PROBLEM DESCRIPTION :: Starting with the line that contains "Syren de mer" and ending with the final line of the data below, print those lines exactly and nothing else.

Short descriptive text snippets

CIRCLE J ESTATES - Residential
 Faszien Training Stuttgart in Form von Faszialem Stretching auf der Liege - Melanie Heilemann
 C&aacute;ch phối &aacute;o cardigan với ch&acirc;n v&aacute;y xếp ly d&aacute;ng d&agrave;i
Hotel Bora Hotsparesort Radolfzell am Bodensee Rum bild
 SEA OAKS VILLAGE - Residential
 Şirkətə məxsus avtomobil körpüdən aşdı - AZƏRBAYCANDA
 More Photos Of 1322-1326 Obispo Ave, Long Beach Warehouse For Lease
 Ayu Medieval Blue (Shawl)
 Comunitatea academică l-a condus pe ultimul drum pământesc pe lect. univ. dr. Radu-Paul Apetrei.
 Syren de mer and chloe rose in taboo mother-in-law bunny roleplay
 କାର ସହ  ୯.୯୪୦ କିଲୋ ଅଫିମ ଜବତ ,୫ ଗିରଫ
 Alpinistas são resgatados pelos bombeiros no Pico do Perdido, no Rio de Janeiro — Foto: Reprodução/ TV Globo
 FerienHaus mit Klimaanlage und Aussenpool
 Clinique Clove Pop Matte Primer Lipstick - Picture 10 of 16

ANSWER SPACE ::
 Syren de mer and chloe rose in taboo mother-in-law bunny roleplay
 କାର ସହ  ୯.୯୪୦ କିଲୋ ଅଫିମ ଜବତ ,୫ ଗିରଫ
 Alpinistas são resgatados pelos bombeiros no Pico do Perdido, no Rio de Janeiro — Foto: Reprodução/ TV Globo
 FerienHaus mit Klimaanlage und Aussenpool
 Clinique Clove Pop Matte Primer Lipstick - Picture 10 of 16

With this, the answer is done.